To assess mitochondria efficiency in active larvae, we measured components of mitochondrial respiration as mentioned above in zebrafish embryos. Five larvae were utilized at each point under the same stirrer speed for maximum oxygen distribution in the oroboros chamber. Basal oxygen consumption rate was determined to be 94.4 ± 8.3 pmol O2 per minute per larvae (Figure 2A). Exposing larvae to oligomycin, leak respiration rate was determined to be 37.4 ± 12.3 pmol O2 per minute per larvae (Figure 2A). The maximum respiration of the mitochondria when exposed to FCCP was determined to be 125.2 ± 16.4 pmol O2 per minute per larvae (Figure 2A). Non-mitochondrial respiration in the presence of mitochondrial inhibitors was determined to be 14.3 ± 1.9 pmol O2 per minute per larvae and complex IV activity representing efficiency of oxidative phosphorylation was determined to be 55.52 ± 4.9 pmol O2 per minute per larvae (Figure 2A).
FIGURE 2. (A) Mitochondrial respiration measurements in larvae 0.6–0.9 cm in length using the thinner stir bar (mentioned in methods) set at a speed of 26 rpm. Basal respiration was measured 5 min after the embryos acclimated to the chamber (circles). Oligomycin was used to initiate leak respiration (25 μM; squares). Maximum respiration was achieved by adding FCCP (2.5 µM, triangles). Rotenone (1.3 µM) and antimycin A (1.8 µM) were used to determine non-mitochondrial respiration (upside down triangles). Complex IV activity (diamonds) was measured by the addition of ascorbate (10 mM) and TMPD (0.3 mM). Each point equates to one experiment and each experiment contains 5 larvae ranging in size from 0.6–0.9 cm. (B) Comparison of the different respiration rates from Figure 1 and Figure 2 for embryos (black) and larvae (grey). The rates were normalized to the basal respiration rates for each experiment. (**** indicates a p-value < 0.00001).
To compare embryos to larvae, all rates were normalized to the basal respiration rate (Figure 2B). There was no significant difference between proton leak, non-mitochondrial, and complex IV activity when comparing embryos to larvae. However, when oxidative phosphorylation was uncoupled from FCCP, embryos showed a significant higher capacity of maximum mitochondrial respiration than larvae.

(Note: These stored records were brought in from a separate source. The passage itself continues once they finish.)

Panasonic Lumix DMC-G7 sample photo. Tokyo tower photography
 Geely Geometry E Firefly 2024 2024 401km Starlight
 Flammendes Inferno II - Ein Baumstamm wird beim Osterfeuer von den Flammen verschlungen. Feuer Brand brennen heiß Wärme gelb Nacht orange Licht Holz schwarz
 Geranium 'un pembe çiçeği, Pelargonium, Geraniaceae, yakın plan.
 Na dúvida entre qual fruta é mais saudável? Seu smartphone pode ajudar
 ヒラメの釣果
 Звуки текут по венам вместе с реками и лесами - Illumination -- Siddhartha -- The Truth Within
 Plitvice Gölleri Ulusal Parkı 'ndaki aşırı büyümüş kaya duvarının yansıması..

3.2 Sex differences in basal respiration rates in adult zebrafish
To determine the basal respiration rate in sexually mature adult fish at 3 months of age, both male and females were subjected to 26 rpm stirrer speed and oxygen consumption were measured and compared. We demonstrate that young male adult fish have a significantly higher basal respiration rate (167.6 ± 27.1) pmol O2 per minute per adult compared to young female (90.5 ± 13.9) pmol O2 per minute per adult that are aged matched (Figure 3A).
FIGURE 3. (A) Basal respiration rates in young (3-month-old) adult male and female zebrafish. Using the thin stir bar (see methods) set at 26 rpm, basal respiration was measured on males and females. (* indicates a p-value < 0.5) (B) Basal respiration rates in old (12-month-old) adult male and female zebrafish. Using the thin stir bar (see methods) set at 26 rpm, basal respiration was measured on males and females. (** indicates a p-value ≤0.01).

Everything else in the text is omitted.